_YOUR ASSIGNMENT_.
In the records below, find the line with "Na 'corda bamba', Zé" and repeat it and every line after it, exactly, without any pictures.

(Image-caption web data)
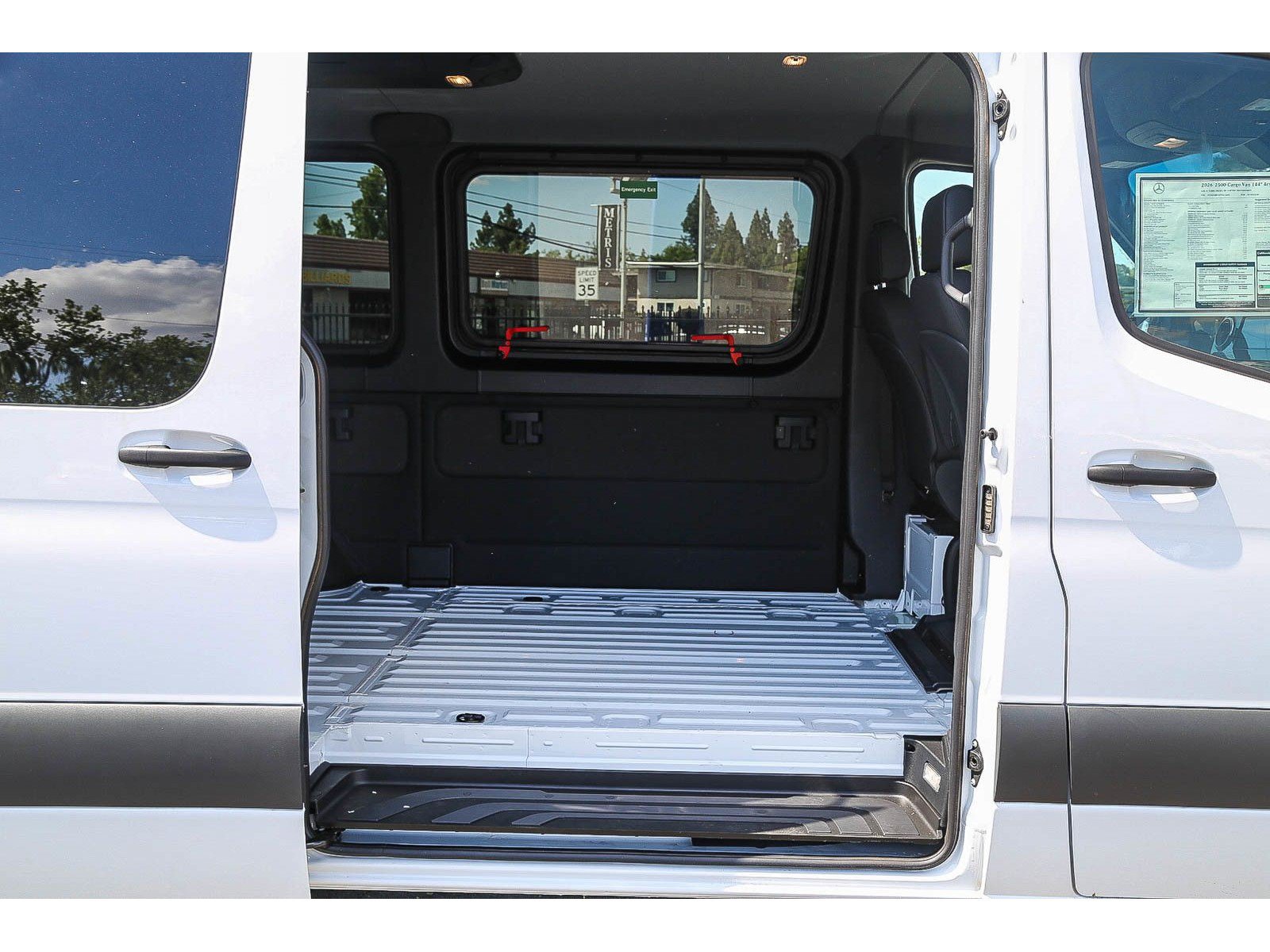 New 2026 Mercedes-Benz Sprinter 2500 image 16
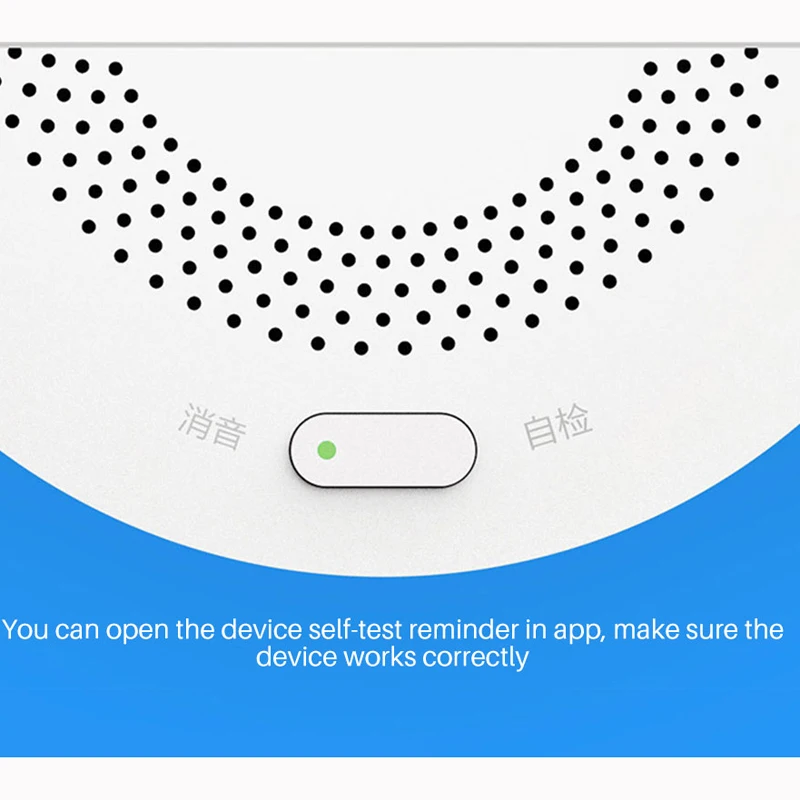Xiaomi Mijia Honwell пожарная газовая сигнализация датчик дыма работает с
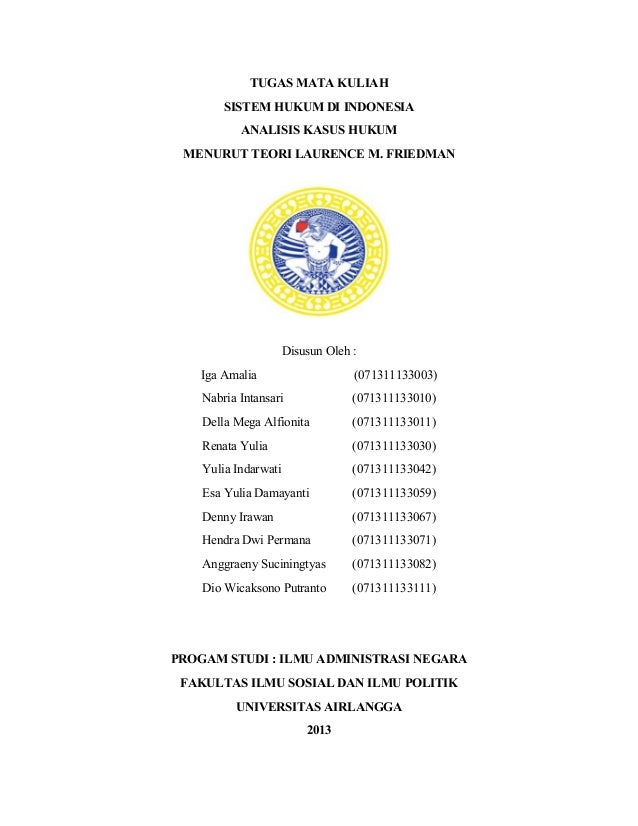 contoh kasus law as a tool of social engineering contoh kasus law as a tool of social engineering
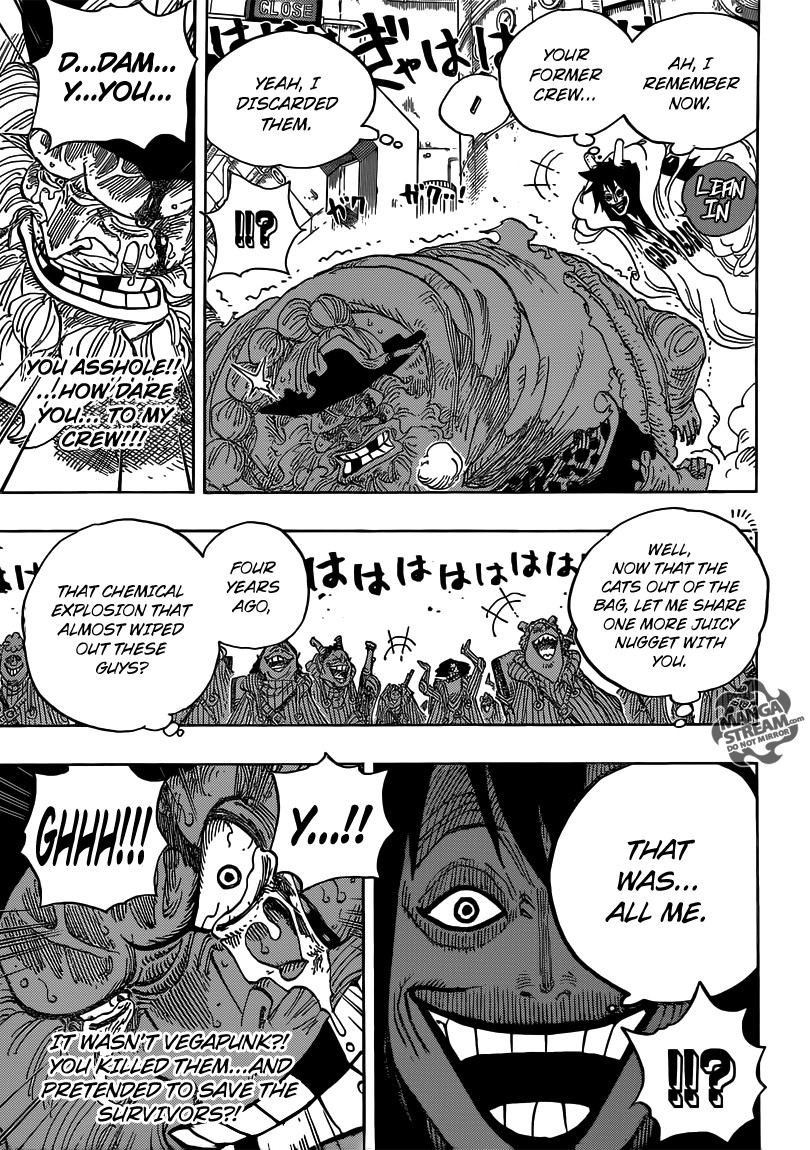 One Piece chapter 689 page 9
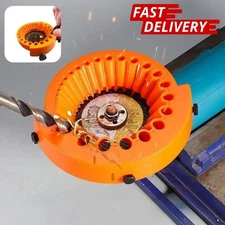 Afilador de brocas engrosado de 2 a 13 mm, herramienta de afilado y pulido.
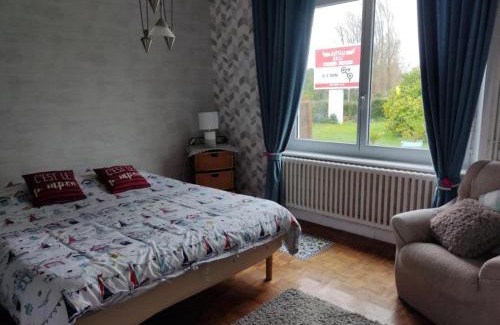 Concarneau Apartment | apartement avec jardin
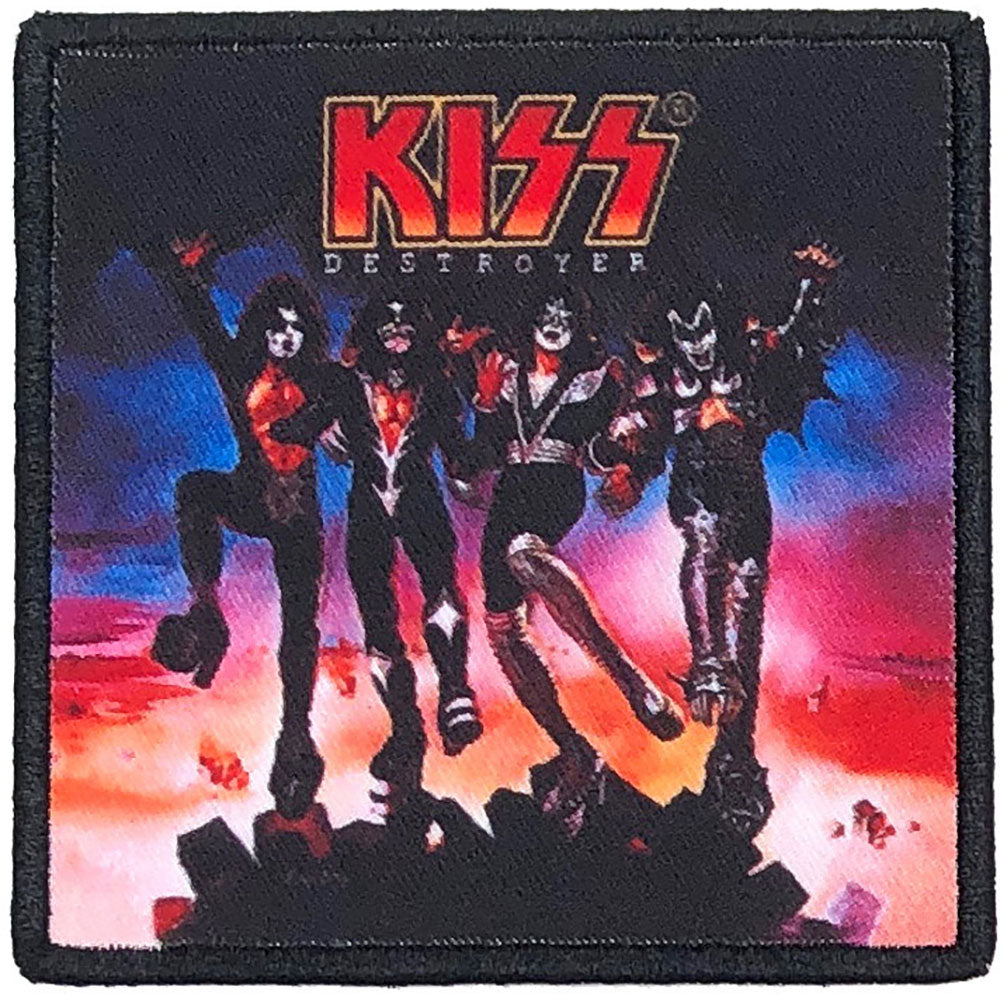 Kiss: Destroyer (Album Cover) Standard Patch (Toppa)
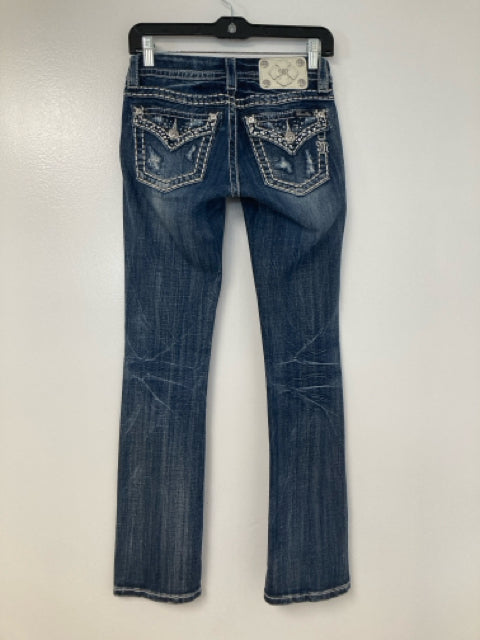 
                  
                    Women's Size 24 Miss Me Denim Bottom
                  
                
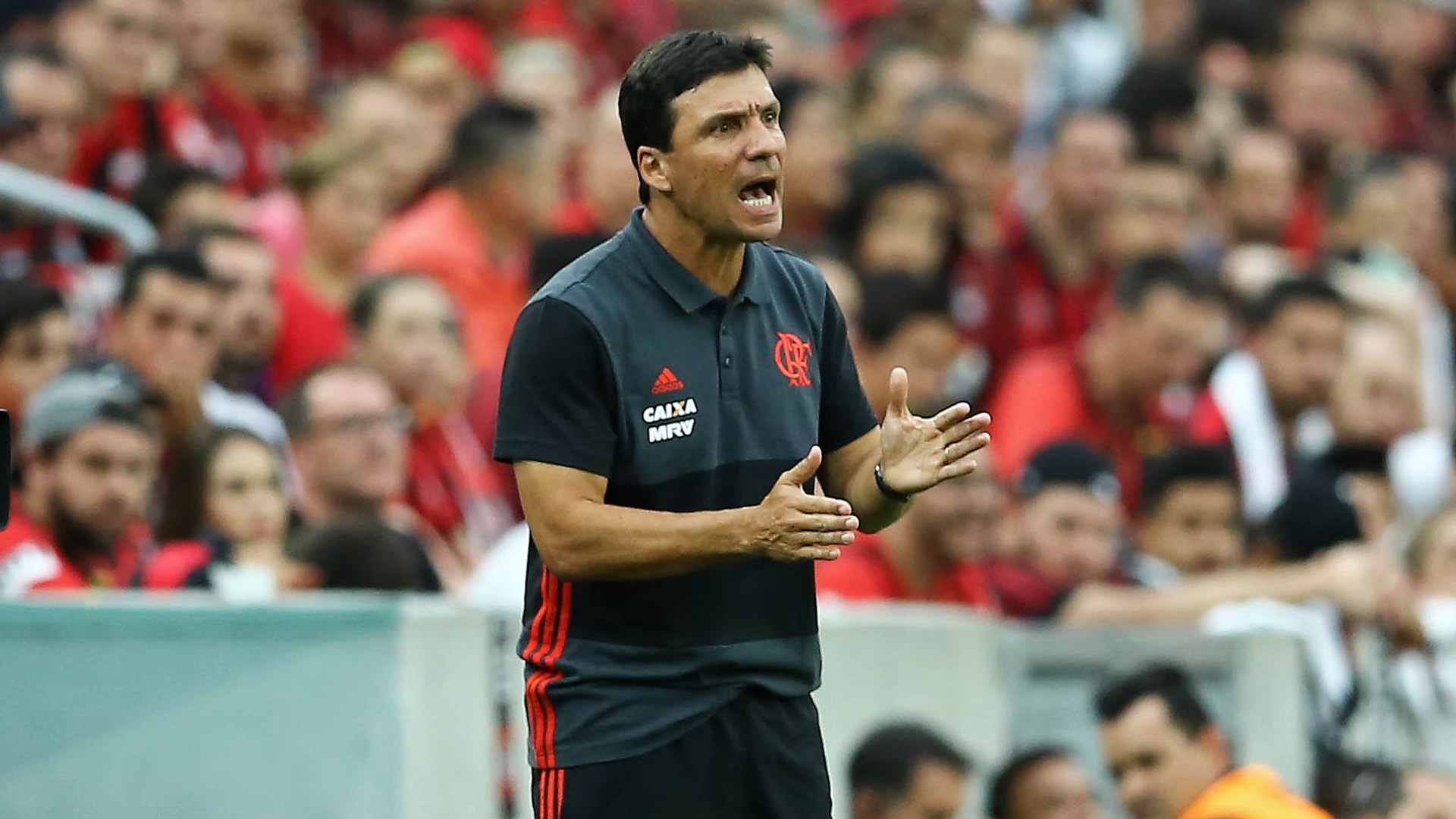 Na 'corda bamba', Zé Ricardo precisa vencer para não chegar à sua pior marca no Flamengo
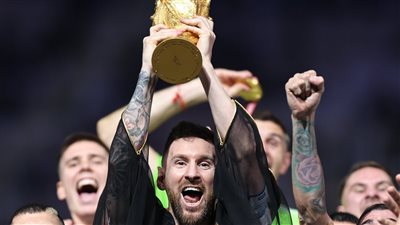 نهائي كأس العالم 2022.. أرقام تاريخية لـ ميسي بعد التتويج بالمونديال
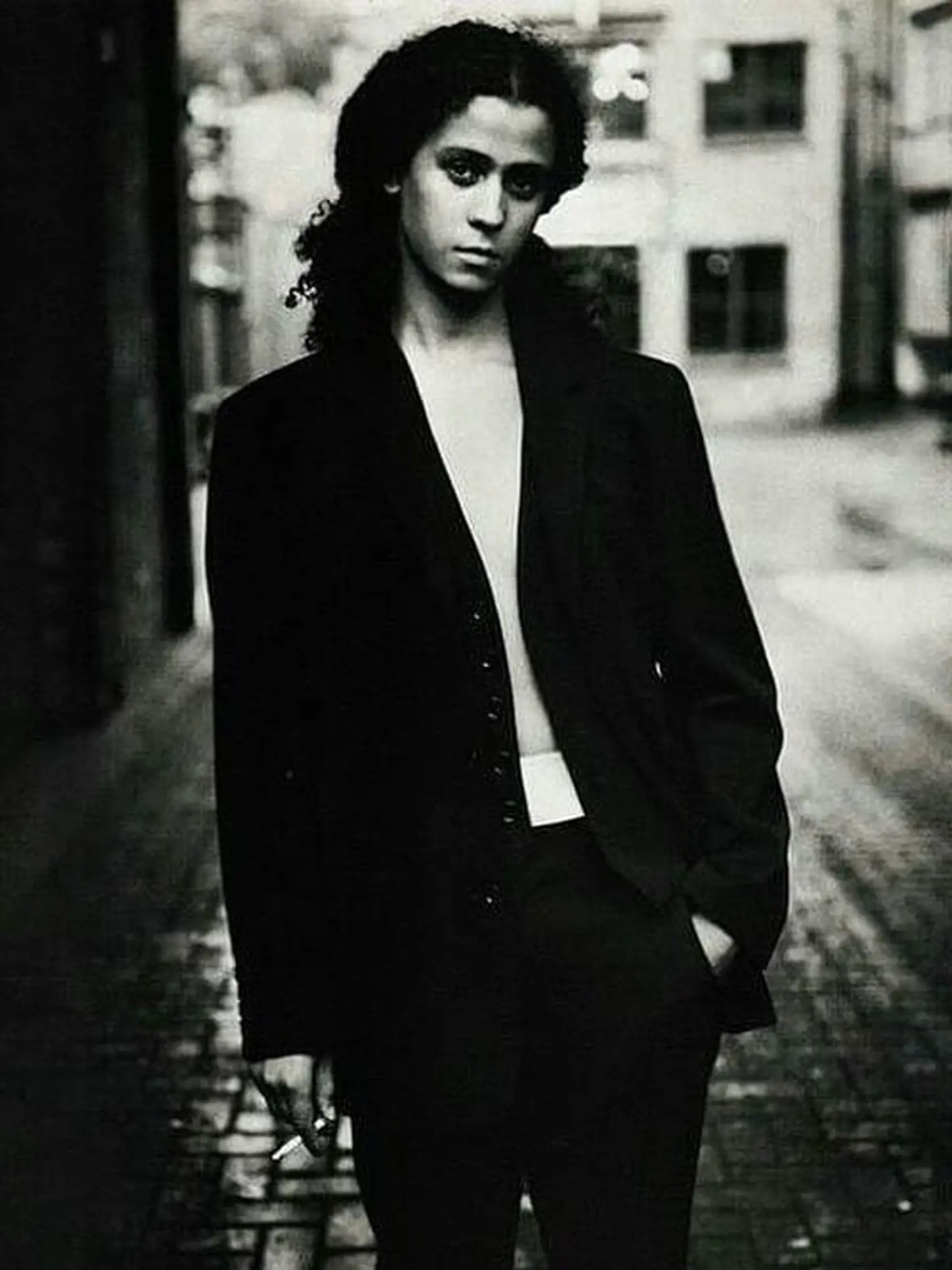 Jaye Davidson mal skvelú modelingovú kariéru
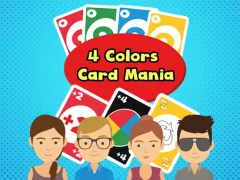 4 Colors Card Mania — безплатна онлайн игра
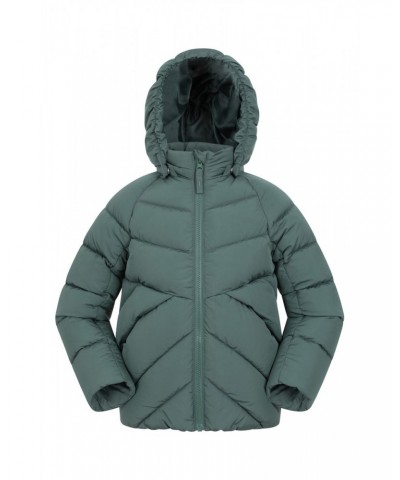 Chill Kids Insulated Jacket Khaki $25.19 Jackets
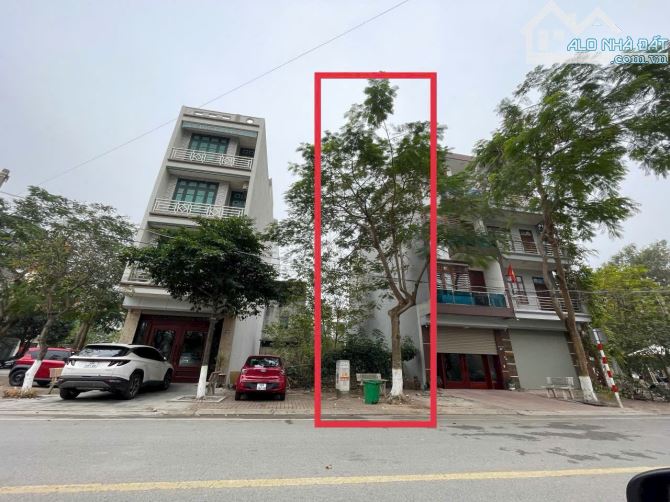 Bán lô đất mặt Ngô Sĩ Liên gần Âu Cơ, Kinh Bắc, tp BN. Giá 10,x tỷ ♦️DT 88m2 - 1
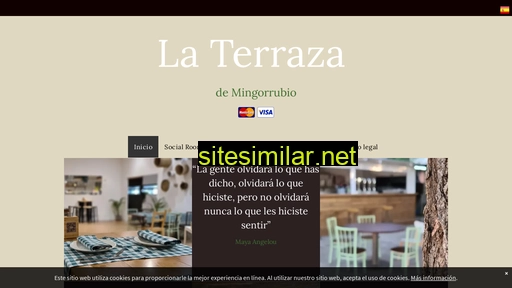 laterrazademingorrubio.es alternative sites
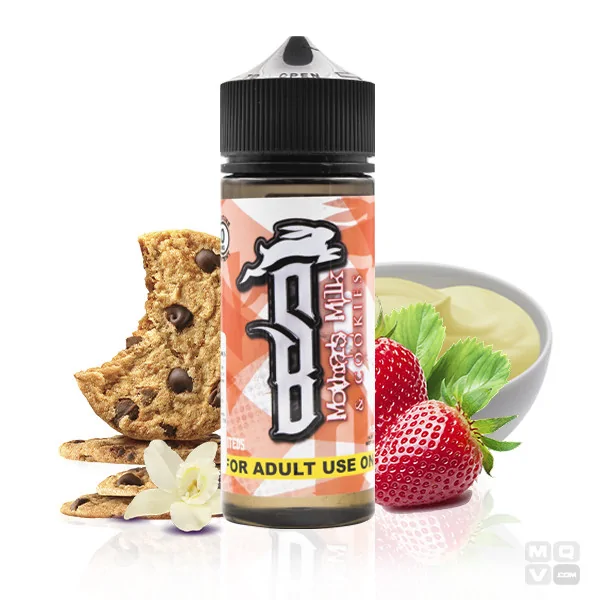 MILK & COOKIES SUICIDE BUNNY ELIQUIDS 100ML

_EXERCISE SOLUTION_.
 Na 'corda bamba', Zé Ricardo precisa vencer para não chegar à sua pior marca no Flamengo
 نهائي كأس العالم 2022.. أرقام تاريخية لـ ميسي بعد التتويج بالمونديال
 Jaye Davidson mal skvelú modelingovú kariéru
 4 Colors Card Mania — безплатна онлайн игра
 Chill Kids Insulated Jacket Khaki $25.19 Jackets
 Bán lô đất mặt Ngô Sĩ Liên gần Âu Cơ, Kinh Bắc, tp BN. Giá 10,x tỷ ♦️DT 88m2 - 1
 laterrazademingorrubio.es alternative sites
 MILK & COOKIES SUICIDE BUNNY ELIQUIDS 100ML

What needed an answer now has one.